» Work to complete: An exact copy, beginning at the line containing "Berlusconi dos años inhabilitado" and ending at the final line of the records that follow, is the answer; it has no pictures and no other text.

» Excerpted data:

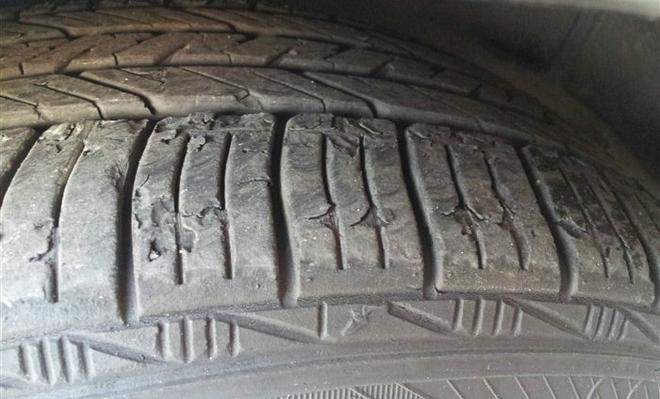 轮胎破了一点皮用什么胶水粘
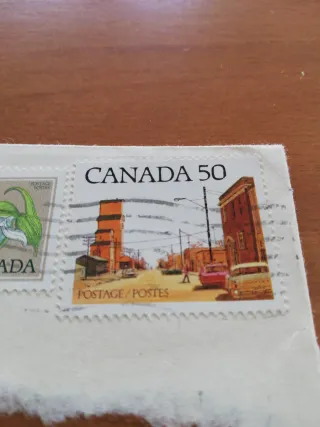 2 Sellos Canadá Flor y Edificio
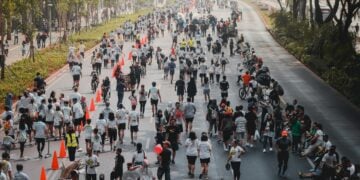 Kasta Sepatu Lari Lokal yang Banyak Dipakai Pelari CFD Sudirman. Nggak Usah Gengsi Pakai Merek Lokal!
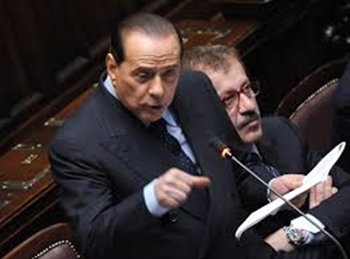 Berlusconi dos años inhabilitado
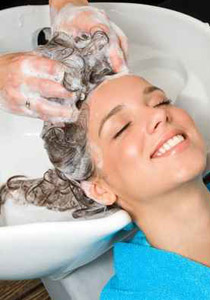 يتساقط شعرك بشكل كثيف؟.. اليك الحل!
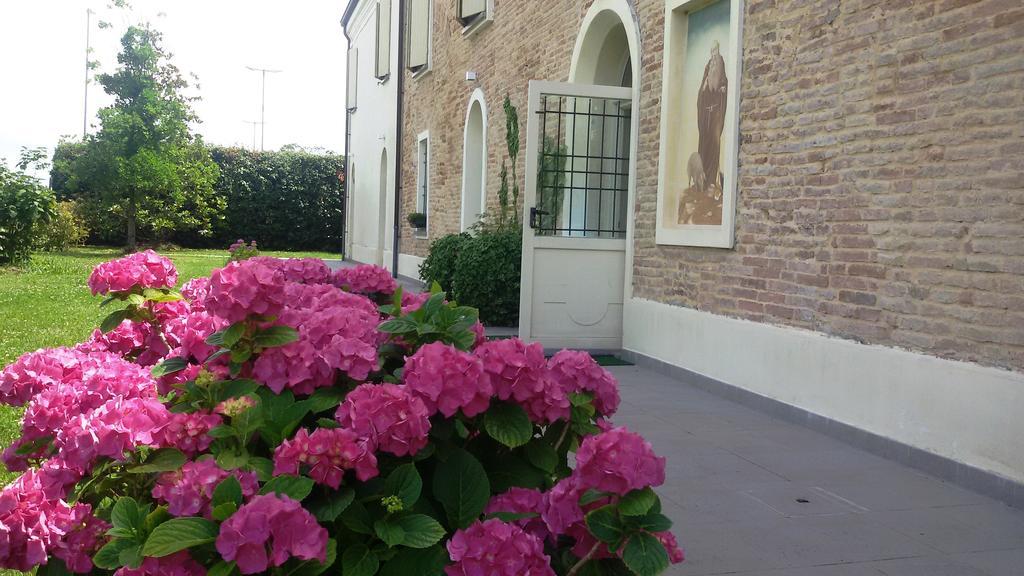 Relais Villa Roncuzzi Russi Exterior foto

» Result:
 Berlusconi dos años inhabilitado
 يتساقط شعرك بشكل كثيف؟.. اليك الحل!
 Relais Villa Roncuzzi Russi Exterior foto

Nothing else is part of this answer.